Devin, it looks like you bought red raspberries and black raspberries, is that right? I live in FL now, but used to live in BC, then Utah and grew them there. So, I've made my back hurt already today and am relaxing at the keyboard, so I'll give this a shot at a little 'mini tutorial' for you.

As greene says, they are a long term commitment so some soil prep would be a good idea. A good top-dressing of compost dug into your planting area is always a good idea. Think about where you want to plant them since they might get as tall as 5ft. before the summer's over. So against a fence on the north side of your property might be a great spot where they won't shade other shorter plants. Don't plant near trees, the roots of large trees extend well beyond where the ends of the branches are, and those roots will LOVE to come and steal water and nutrients from your raspberry patch. Also make sure they will get at least 6 hours of unimpeded sun in the summer - think about the sun being a LOT higher at noon than it is right now, right? Anything that makes fruit (except maybe pineapples) needs full sun to make sugar in the fruit.

Rasps are normally planted in rows for ease of harvesting. Btw, did you buy more than one plant of each type? Unless it's just you, and all you want is a handful of berries occasionally, most people start with a row of plants, maybe 6 to 10 separate canes. (I can't tell, but each of those packages in your picture might have several plants in it, check what the label says) I used to grow about a 10ft. row for our family of 4. Can't remember for sure but I think we started with the canes about a foot apart.

Next thing to think about is how much longer are you going to have freezing temps at night? You don't want to plant your new rasps until it will most likely stay above freezing at night. As soon as you plant them, they will start to put up new shoots that will be quite tender to cold weather, and it would be discouraging to you to lose those new plants. IF you need to hold them for a week or two, keep them cool and in the dark. So prep your bed, get some slow-release fert to put in the planting area before you plant and wait until the weather forecast looks good. IF it does get a freak cold night after you plant, you can cover them with something like cardboard boxes or old sheets. Don't use plastic!

Last thing I can think of for right now is that you do NOT want to plant the red rasps too close to the black rasps or they will cross and you might get berries you wouldn't like too well after a year or two.

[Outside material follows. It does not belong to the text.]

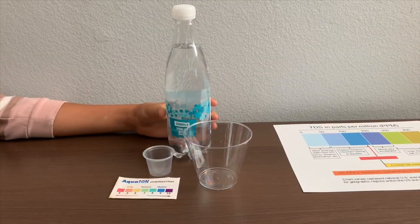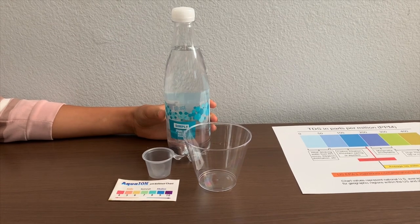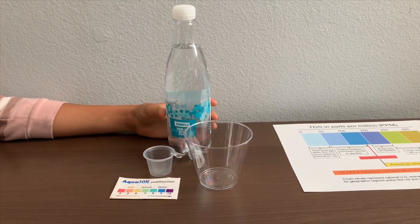This is Deluge Simply Sparkling Water, sourced from California. It costs $1.50. Let's test the TDS and pH levels.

You won't get a lot of berries the first year, but in coming years your raspberry patch will grow and canes will multiply. You will need to remove the old, spent canes each fall after the first couple of years, and give them some fertilizer in the spring when you see them beginning to leaf out. That and make sure they are well watered especially while the berries are coming! You will have a wonderful harvest for years to come.

In addition to the great advice you'll find here, there's lots of good information specifically for your area at your County Extension service. They'll have great info on your soil, climate, wind, and other things like what pests to watch out for, from insects to rabbits to squirrels and birds! First thing I'd do is give them a call and find out if the county makes compost, ours is free here and we just have to go get it. Many great books are around on growing fruit and veggies. Get one that's written by somebody in your general area - they're usually available at the local library. Good luck!
Elaine

"Success is stumbling from failure to failure with no loss of enthusiasm." –Winston Churchill
Name: Deb
Pacific Northwest (Zone 8b)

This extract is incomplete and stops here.